Am kommenden Montag ist vor dem Landgericht Berlin ein neuer Verhandlungstermin angesetzt, in dem es um Nutzungsrechte von Räumen im Erdgeschoss der Rigaer Straße 94 geht. Der Fall ist kompliziert, die Vorgeschichte ereignisreich. Schon die Eigentumsverhältnisse sind bei dem Haus nicht ganz einfach. Die Immobilie gehört »Lafone Investment Limited«. Im Juni 2016 ließ der damalige Innensenator Frank Henkel (CDU) die Kneipe räumen. Das Landgericht entschied im Nachhinein, dass die Räumung rechtswidrig war. Seitdem wird die »Kadterschmiede« wieder genutzt. Bei einem weiteren Gerichtstermin im Februar 2017 war ein Versäumnisurteil gegen die Klägerin ergangen, da der sie vertretende Anwalt keine Prozessbefugnis vorweisen konnte. Im Juni wurde das Verfahren schließlich unterbrochen, weil der Director von Lafone Investment gestorben war. Ob die Klägerin ordnungsgemäß vertreten wird, ist Gegenstand der Verhandlung. »Die Lafone Investment Limited ist eine reine Briefkastenfirma, die weder für die Mieter_innen noch für Ansprechpartner_innen von der Presse erreichbar ist. Sie bezahlt ihre Schulden nicht, ihre Gerichtskosten nicht und die Anwaltskosten der Gegenseite nicht, wenn sie verliert. Wir bestreiten daher, dass die Lafone Investment ordnungsgemäß vertreten ist und halten die Klage für unzulässig«, so Lukas Theune, Anwalt der »Kadterschmiede«.

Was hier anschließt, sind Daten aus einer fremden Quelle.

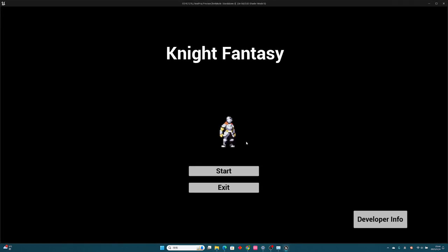When I start my game, we can see the start page. This is my game's name, Knight Fantasy, and this is my main character in the middle. You can see three buttons on this page. One is the start button to start the game.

Noch ist die Kneipe geöffnet, und während der »Chaos- und Diskussionstage« finden dort auch Veranstaltungen statt. Freitagnachmittag wird beispielsweise über das Verbot der linksradikalen Webseite »linksunten.indymedia« informiert und »die Bedeutung linksradikaler Medien« diskutiert, wie es im Ankündigungstext heißt.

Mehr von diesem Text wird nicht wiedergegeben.